(Stored items)
== Segment start ==

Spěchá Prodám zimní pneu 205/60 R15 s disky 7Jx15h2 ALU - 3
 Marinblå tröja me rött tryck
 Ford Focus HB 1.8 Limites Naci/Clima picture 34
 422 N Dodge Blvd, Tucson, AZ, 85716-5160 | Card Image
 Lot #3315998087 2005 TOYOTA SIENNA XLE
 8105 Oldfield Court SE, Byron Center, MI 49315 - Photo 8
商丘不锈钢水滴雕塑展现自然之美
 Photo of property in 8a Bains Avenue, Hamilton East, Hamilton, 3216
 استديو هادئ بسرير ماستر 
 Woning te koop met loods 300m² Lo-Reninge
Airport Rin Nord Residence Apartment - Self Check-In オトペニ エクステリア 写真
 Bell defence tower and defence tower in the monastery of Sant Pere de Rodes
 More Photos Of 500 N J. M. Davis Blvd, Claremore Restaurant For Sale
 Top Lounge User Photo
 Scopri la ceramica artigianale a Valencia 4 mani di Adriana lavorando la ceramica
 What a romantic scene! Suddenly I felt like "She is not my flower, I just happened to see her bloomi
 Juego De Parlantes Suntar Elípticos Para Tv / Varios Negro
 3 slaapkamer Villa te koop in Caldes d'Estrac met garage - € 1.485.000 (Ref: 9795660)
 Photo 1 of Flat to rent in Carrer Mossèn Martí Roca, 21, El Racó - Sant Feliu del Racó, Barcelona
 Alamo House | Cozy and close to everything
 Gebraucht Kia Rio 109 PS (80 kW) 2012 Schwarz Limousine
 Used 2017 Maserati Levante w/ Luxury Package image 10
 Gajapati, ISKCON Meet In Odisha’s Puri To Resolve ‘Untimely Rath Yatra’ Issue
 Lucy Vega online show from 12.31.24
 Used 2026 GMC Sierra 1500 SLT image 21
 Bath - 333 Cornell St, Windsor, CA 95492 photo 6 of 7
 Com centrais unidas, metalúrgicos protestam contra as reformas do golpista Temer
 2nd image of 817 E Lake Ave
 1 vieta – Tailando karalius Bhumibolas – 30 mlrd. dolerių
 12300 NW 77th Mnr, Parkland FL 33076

== Segment end ==

Only lines that include "koop" belong in the answer; return them from the entries above.

 Woning te koop met loods 300m² Lo-Reninge
 3 slaapkamer Villa te koop in Caldes d'Estrac met garage - € 1.485.000 (Ref: 9795660)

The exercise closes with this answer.